Input for this task:
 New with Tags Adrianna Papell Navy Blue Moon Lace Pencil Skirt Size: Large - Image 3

* * *

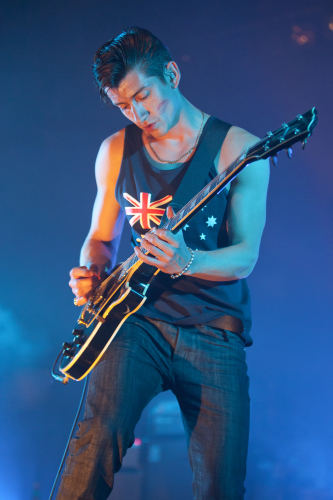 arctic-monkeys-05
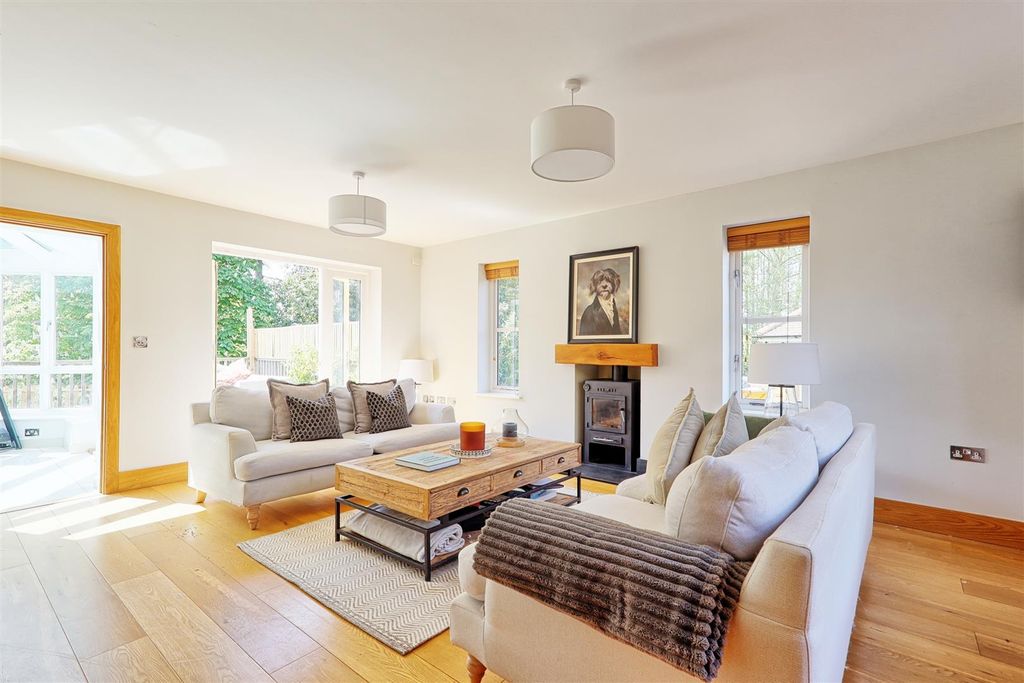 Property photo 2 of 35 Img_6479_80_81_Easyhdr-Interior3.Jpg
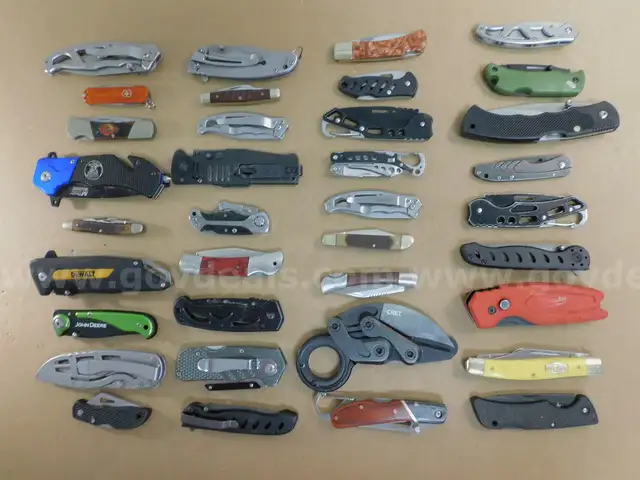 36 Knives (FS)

...

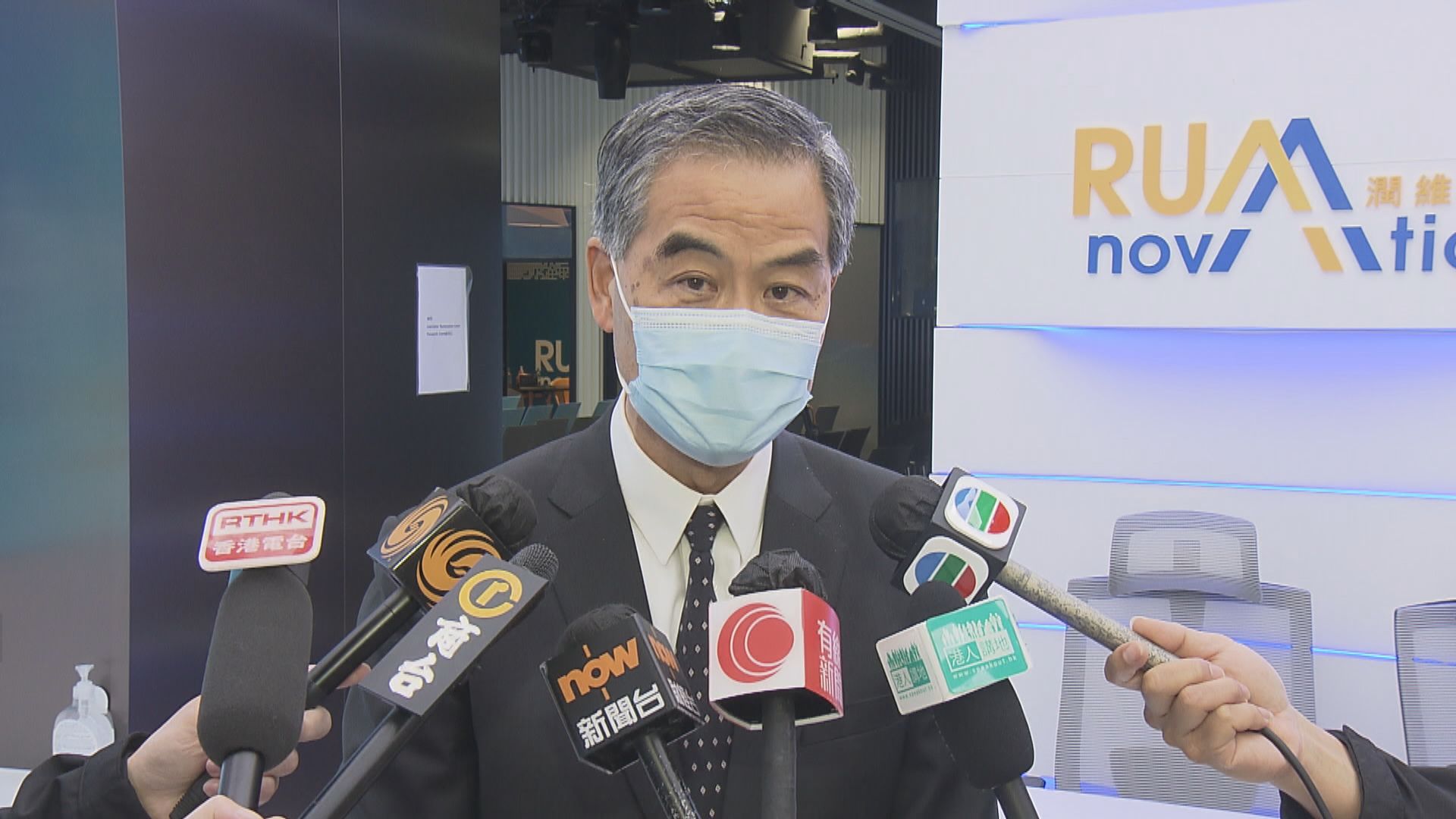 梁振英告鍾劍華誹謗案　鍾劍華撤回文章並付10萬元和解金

Problem to work on: Copy the lines above exactly, starting at the one with "Property photo 2" and ending at the one with "36 Knives (FS)", both included. Leave out any pictures and add nothing else.

Answer to this task:
 Property photo 2 of 35 Img_6479_80_81_Easyhdr-Interior3.Jpg
 36 Knives (FS)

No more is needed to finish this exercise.